**REQUIREMENT**
Could you restate every record below word for word?

(Web page caption snippets)
BEGIN

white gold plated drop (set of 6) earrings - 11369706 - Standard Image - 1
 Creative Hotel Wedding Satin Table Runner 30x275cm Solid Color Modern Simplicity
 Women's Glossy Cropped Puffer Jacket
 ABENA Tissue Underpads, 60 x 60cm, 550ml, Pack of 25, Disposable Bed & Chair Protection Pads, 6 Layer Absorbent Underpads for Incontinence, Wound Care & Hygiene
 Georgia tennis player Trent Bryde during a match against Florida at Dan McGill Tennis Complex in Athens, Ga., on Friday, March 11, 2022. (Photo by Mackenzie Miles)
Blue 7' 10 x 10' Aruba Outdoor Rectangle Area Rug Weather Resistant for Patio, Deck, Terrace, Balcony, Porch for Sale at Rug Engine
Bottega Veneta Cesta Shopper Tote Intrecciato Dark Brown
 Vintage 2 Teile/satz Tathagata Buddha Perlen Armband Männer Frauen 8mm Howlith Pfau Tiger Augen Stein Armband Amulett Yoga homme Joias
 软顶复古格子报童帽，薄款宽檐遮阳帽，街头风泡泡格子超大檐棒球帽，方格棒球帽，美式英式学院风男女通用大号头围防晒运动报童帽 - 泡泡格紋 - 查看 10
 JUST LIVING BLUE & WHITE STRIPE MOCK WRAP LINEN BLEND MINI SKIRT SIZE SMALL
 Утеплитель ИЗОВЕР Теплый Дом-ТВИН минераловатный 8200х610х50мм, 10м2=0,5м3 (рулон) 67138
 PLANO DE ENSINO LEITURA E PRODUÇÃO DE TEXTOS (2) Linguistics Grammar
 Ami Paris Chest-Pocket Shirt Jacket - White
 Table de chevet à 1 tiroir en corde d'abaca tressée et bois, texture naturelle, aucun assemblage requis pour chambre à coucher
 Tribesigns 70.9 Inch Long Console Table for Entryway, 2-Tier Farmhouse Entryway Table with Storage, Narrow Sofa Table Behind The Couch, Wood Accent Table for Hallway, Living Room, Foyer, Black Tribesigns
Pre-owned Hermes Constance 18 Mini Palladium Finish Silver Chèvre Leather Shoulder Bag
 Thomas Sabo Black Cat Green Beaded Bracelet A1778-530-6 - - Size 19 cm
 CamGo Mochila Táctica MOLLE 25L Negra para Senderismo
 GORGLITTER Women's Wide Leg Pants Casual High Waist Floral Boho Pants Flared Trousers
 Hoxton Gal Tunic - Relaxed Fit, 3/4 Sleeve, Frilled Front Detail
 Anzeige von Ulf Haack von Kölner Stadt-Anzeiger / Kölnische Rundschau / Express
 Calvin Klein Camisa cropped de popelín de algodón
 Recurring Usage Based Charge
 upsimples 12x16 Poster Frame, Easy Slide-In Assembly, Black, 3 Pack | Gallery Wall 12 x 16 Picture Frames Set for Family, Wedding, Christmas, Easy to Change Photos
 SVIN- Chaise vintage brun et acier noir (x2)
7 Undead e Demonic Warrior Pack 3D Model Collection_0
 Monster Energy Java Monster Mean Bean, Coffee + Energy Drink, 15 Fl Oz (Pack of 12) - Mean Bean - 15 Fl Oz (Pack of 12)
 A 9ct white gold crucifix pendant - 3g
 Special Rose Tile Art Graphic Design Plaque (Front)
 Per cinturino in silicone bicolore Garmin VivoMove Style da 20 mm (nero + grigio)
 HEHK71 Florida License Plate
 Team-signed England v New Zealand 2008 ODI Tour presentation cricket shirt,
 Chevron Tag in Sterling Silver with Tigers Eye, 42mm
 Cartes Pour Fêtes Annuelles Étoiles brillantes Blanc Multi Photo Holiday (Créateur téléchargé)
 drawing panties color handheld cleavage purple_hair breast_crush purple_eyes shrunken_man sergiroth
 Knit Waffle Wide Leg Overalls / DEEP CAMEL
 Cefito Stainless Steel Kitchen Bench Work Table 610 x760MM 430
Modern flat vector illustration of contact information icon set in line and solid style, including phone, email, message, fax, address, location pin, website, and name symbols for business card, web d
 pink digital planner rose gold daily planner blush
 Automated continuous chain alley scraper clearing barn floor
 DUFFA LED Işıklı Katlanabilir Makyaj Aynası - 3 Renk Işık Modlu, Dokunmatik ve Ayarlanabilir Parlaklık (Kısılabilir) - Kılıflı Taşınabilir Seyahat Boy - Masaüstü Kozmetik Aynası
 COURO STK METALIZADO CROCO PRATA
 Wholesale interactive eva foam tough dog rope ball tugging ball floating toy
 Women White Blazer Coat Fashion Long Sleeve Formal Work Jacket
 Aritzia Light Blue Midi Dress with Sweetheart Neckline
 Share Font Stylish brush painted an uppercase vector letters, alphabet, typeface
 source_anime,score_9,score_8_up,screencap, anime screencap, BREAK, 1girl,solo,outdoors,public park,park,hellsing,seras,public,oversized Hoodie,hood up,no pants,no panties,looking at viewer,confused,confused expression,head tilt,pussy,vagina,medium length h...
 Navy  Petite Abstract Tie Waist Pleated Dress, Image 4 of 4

END

**WRITTEN RESPONSE**
white gold plated drop (set of 6) earrings - 11369706 - Standard Image - 1
 Creative Hotel Wedding Satin Table Runner 30x275cm Solid Color Modern Simplicity
 Women's Glossy Cropped Puffer Jacket
 ABENA Tissue Underpads, 60 x 60cm, 550ml, Pack of 25, Disposable Bed & Chair Protection Pads, 6 Layer Absorbent Underpads for Incontinence, Wound Care & Hygiene
 Georgia tennis player Trent Bryde during a match against Florida at Dan McGill Tennis Complex in Athens, Ga., on Friday, March 11, 2022. (Photo by Mackenzie Miles)
Blue 7' 10 x 10' Aruba Outdoor Rectangle Area Rug Weather Resistant for Patio, Deck, Terrace, Balcony, Porch for Sale at Rug Engine
Bottega Veneta Cesta Shopper Tote Intrecciato Dark Brown
 Vintage 2 Teile/satz Tathagata Buddha Perlen Armband Männer Frauen 8mm Howlith Pfau Tiger Augen Stein Armband Amulett Yoga homme Joias
 软顶复古格子报童帽，薄款宽檐遮阳帽，街头风泡泡格子超大檐棒球帽，方格棒球帽，美式英式学院风男女通用大号头围防晒运动报童帽 - 泡泡格紋 - 查看 10
 JUST LIVING BLUE & WHITE STRIPE MOCK WRAP LINEN BLEND MINI SKIRT SIZE SMALL
 Утеплитель ИЗОВЕР Теплый Дом-ТВИН минераловатный 8200х610х50мм, 10м2=0,5м3 (рулон) 67138
 PLANO DE ENSINO LEITURA E PRODUÇÃO DE TEXTOS (2) Linguistics Grammar
 Ami Paris Chest-Pocket Shirt Jacket - White
 Table de chevet à 1 tiroir en corde d'abaca tressée et bois, texture naturelle, aucun assemblage requis pour chambre à coucher
 Tribesigns 70.9 Inch Long Console Table for Entryway, 2-Tier Farmhouse Entryway Table with Storage, Narrow Sofa Table Behind The Couch, Wood Accent Table for Hallway, Living Room, Foyer, Black Tribesigns
Pre-owned Hermes Constance 18 Mini Palladium Finish Silver Chèvre Leather Shoulder Bag
 Thomas Sabo Black Cat Green Beaded Bracelet A1778-530-6 - - Size 19 cm
 CamGo Mochila Táctica MOLLE 25L Negra para Senderismo
 GORGLITTER Women's Wide Leg Pants Casual High Waist Floral Boho Pants Flared Trousers
 Hoxton Gal Tunic - Relaxed Fit, 3/4 Sleeve, Frilled Front Detail
 Anzeige von Ulf Haack von Kölner Stadt-Anzeiger / Kölnische Rundschau / Express
 Calvin Klein Camisa cropped de popelín de algodón
 Recurring Usage Based Charge
 upsimples 12x16 Poster Frame, Easy Slide-In Assembly, Black, 3 Pack | Gallery Wall 12 x 16 Picture Frames Set for Family, Wedding, Christmas, Easy to Change Photos
 SVIN- Chaise vintage brun et acier noir (x2)
7 Undead e Demonic Warrior Pack 3D Model Collection_0
 Monster Energy Java Monster Mean Bean, Coffee + Energy Drink, 15 Fl Oz (Pack of 12) - Mean Bean - 15 Fl Oz (Pack of 12)
 A 9ct white gold crucifix pendant - 3g
 Special Rose Tile Art Graphic Design Plaque (Front)
 Per cinturino in silicone bicolore Garmin VivoMove Style da 20 mm (nero + grigio)
 HEHK71 Florida License Plate
 Team-signed England v New Zealand 2008 ODI Tour presentation cricket shirt,
 Chevron Tag in Sterling Silver with Tigers Eye, 42mm
 Cartes Pour Fêtes Annuelles Étoiles brillantes Blanc Multi Photo Holiday (Créateur téléchargé)
 drawing panties color handheld cleavage purple_hair breast_crush purple_eyes shrunken_man sergiroth
 Knit Waffle Wide Leg Overalls / DEEP CAMEL
 Cefito Stainless Steel Kitchen Bench Work Table 610 x760MM 430
Modern flat vector illustration of contact information icon set in line and solid style, including phone, email, message, fax, address, location pin, website, and name symbols for business card, web d
 pink digital planner rose gold daily planner blush
 Automated continuous chain alley scraper clearing barn floor
 DUFFA LED Işıklı Katlanabilir Makyaj Aynası - 3 Renk Işık Modlu, Dokunmatik ve Ayarlanabilir Parlaklık (Kısılabilir) - Kılıflı Taşınabilir Seyahat Boy - Masaüstü Kozmetik Aynası
 COURO STK METALIZADO CROCO PRATA
 Wholesale interactive eva foam tough dog rope ball tugging ball floating toy
 Women White Blazer Coat Fashion Long Sleeve Formal Work Jacket
 Aritzia Light Blue Midi Dress with Sweetheart Neckline
 Share Font Stylish brush painted an uppercase vector letters, alphabet, typeface
 source_anime,score_9,score_8_up,screencap, anime screencap, BREAK, 1girl,solo,outdoors,public park,park,hellsing,seras,public,oversized Hoodie,hood up,no pants,no panties,looking at viewer,confused,confused expression,head tilt,pussy,vagina,medium length h...
 Navy  Petite Abstract Tie Waist Pleated Dress, Image 4 of 4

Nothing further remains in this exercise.